How the Jews got our state

Now here's a story I've never heard before, which shows, in my not so humble opinion, just how much God was behind the establishment of the State of Israel.

In August 1947, the United Nations Special Committee on Palestine (UNSCOP) surprisingly recommended ending the British Mandate for Palestine, and partitioning the country into two states: A Jewish state and an Arab state. Sounds familiar, doesn't it? Of course, the Arabs rejected the partition, and when the resolution passed (Resolution 181) on November 29, 1947 they started a war against the Jewish community, which intensified when Britain withdrew on May 15, 1948, and Israel declared its independence.

But UNSCOP was supposed to be very pro-Arab and very anti-Israel. The last thing it was expected to recommend was the establishment of a Jewish state. So how did it happen? Through a combination of Arab intransigence (again, sounds familiar doesn't it?) and Jewish ingenuity (that sounds familiar too).

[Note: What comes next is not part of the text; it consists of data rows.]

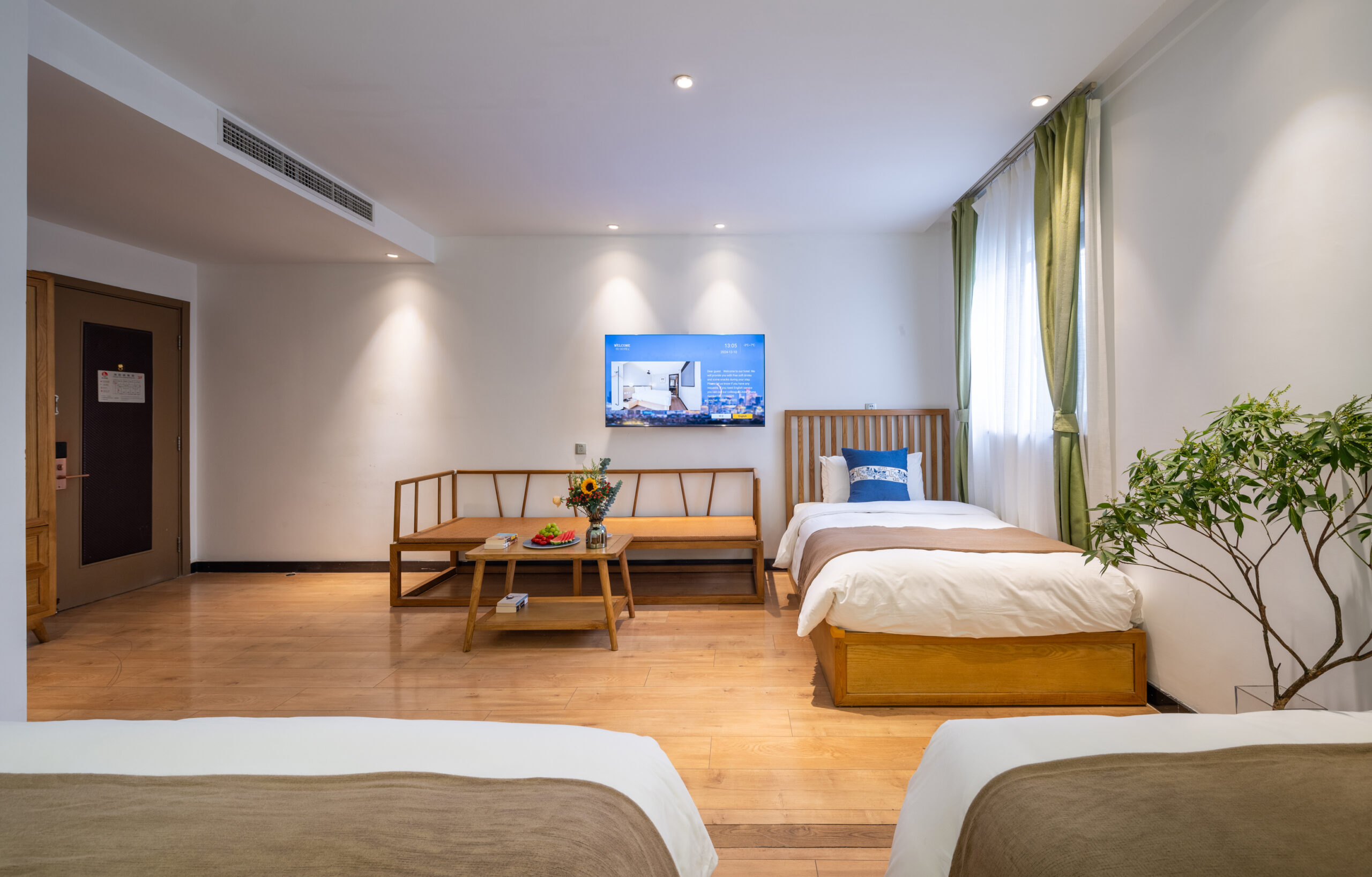 Chinese Classic Family Quadruple Room with One Double Bed and Two Single Beds - Image 4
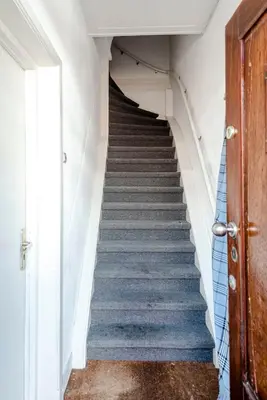 a staircase in a house with a blue and white stair case at Bluys Apartment in Zandvoort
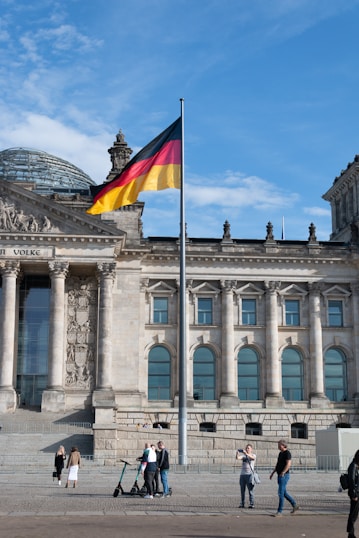 people walking beside building with waving flag of Germany on pole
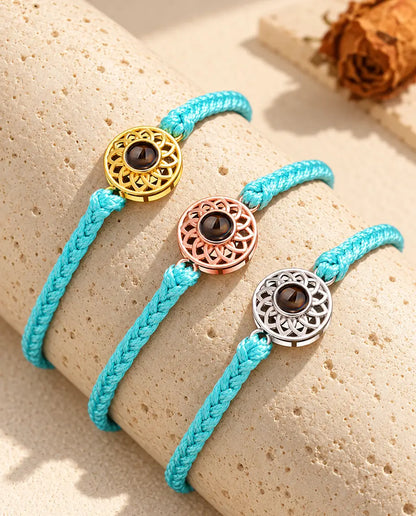 Blue thin braided cord projection bracelets with gold tone, rose gold tone and silver tone round charms on travertine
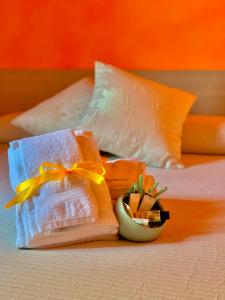 a bed with towels and a plant on it at Acquamarina in Gaeta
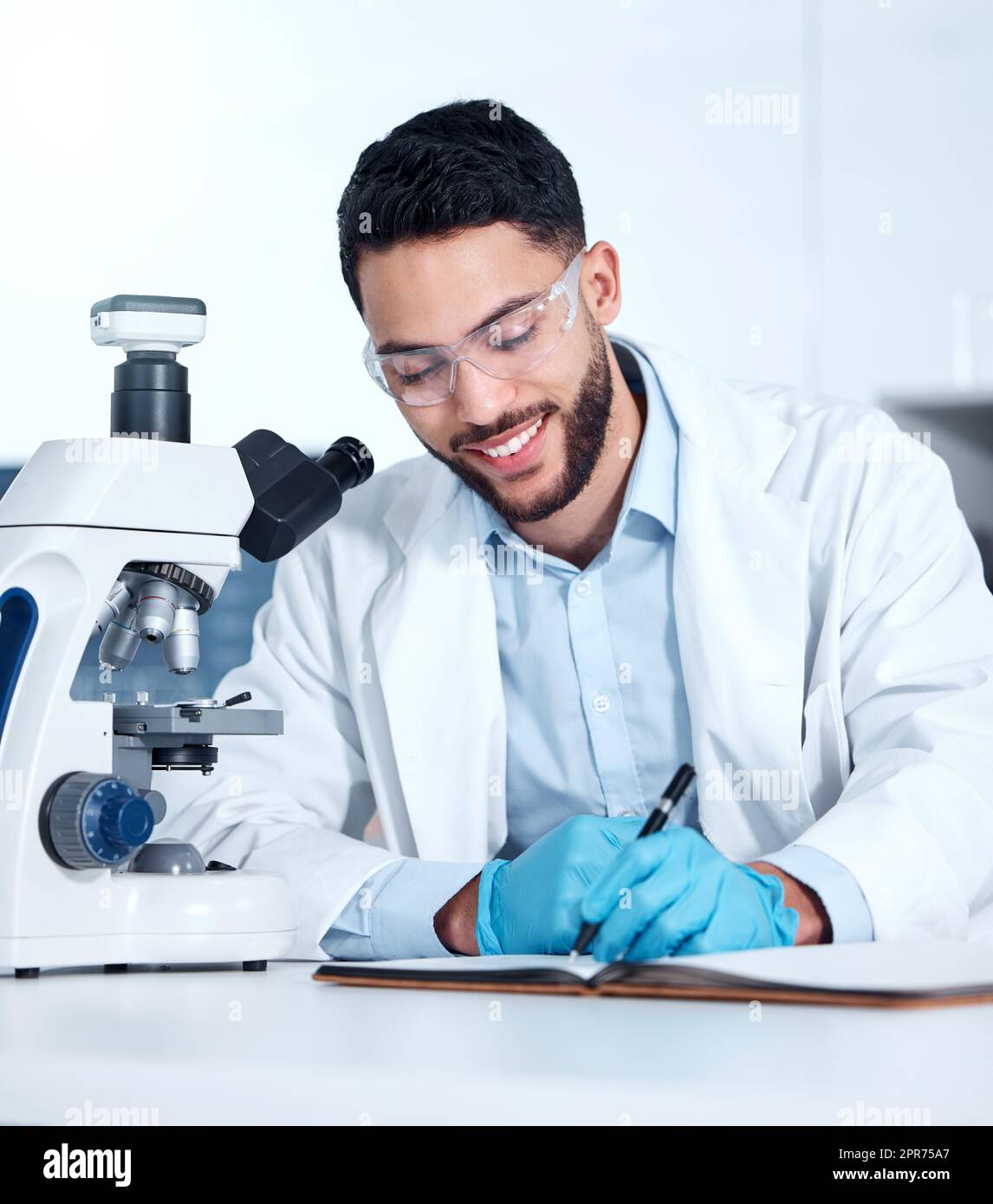 One handsome young mixed race man wearing gloves and a labcoat and looking at medical samples on a microscope in a lab. A male scientist wearing safety goggles and smiling while writing in a notebook Stock Photo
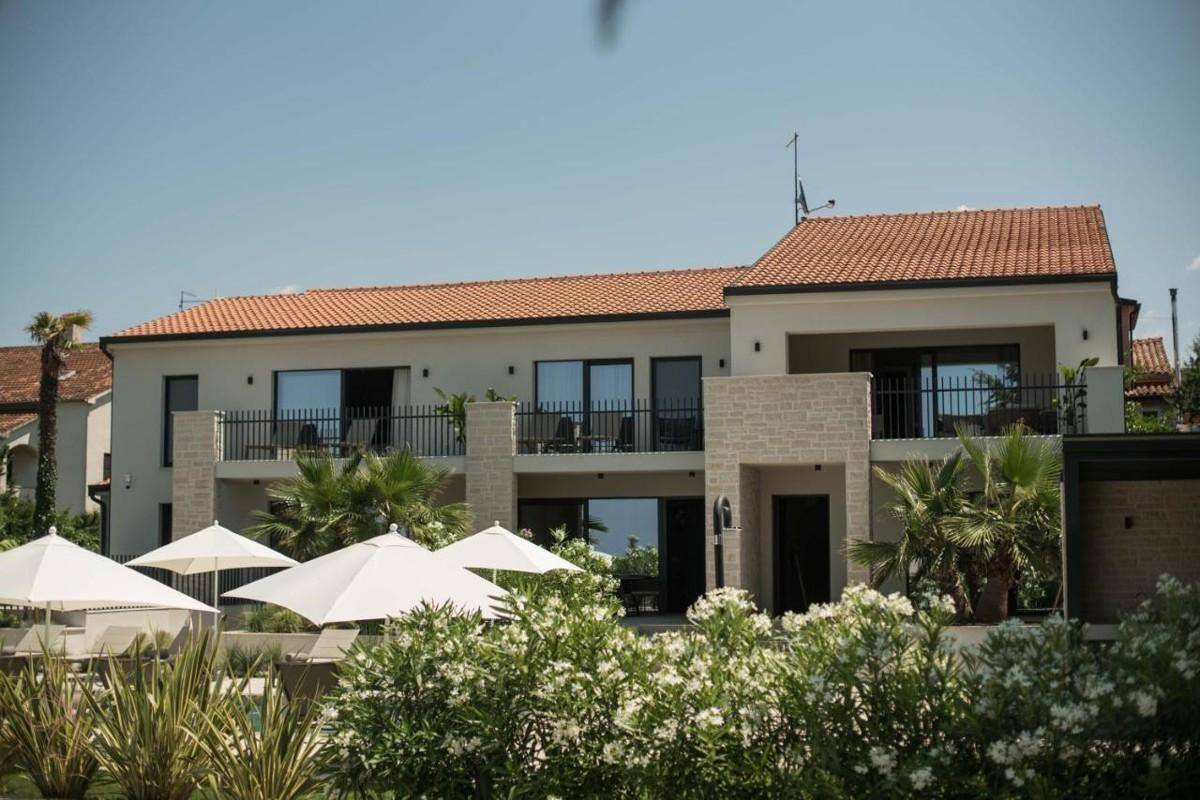 Moderne Villa mit Terrassen, Balkonen und mediterraner Bepflanzung unter blauem Himmel.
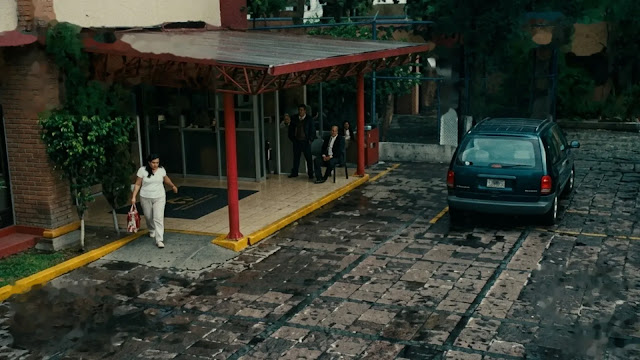 A high angle shot of a woman leaving a hospital with a bag in A Child of My Own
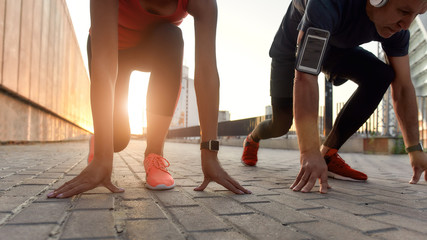 Wall Mural - Cropped photo of a couple in sports clothing standing on the start line while running together outdoors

The Arabs threatened all of their people with death if they spoke to UNSCOP, while the US and Britain wished to maintain an appearance of neutrality, and therefore were not represented on it. That left room for the Haganah's intelligence agency (now the Mossad) to go to work. But the story sounds like something straight out of Salah Shabbati, complete with a very funny coincidence with cows crossing the road (yes, I'm going to give it to you). The real story is coming out now as UNSCOP documents are being declassified and a book about UNSCOP's role is being written by Elad Ben Dror.
The committee consisted of 11 members who arrived in Palestine on June 15, 1947. Because the U.S. and Britain wished to maintain the appearance of neutrality, no international powers were represented in the delegation. The Palestinians believed a deal to establish a Jewish state had already been made behind closed doors and so ordered a complete boycott of committee proceedings. Palestinians were warned against making any contact whatsoever with Unscop, and Arab journalists were forbidden to cover their visit. Out of fear of appearing to support one side over the other, the British, too, avoided contact with the committee. In the vacuum created by the Arabs and the British, Zionist diplomats and spies were able to work unencumbered on the Unscop members. The Jewish Agency (the representative body of the Jewish community in the British Mandate) appointed a former British intelligence officer, Aubrey (Abba) Eban, to serve as a liaison with Unscop. Eban focused his energies on two Latin American members, from Guatemala and Uruguay, who became increasingly pro-Zionist as the committee’s investigation proceeded, providing Eban with inside information on specific members and their deliberations.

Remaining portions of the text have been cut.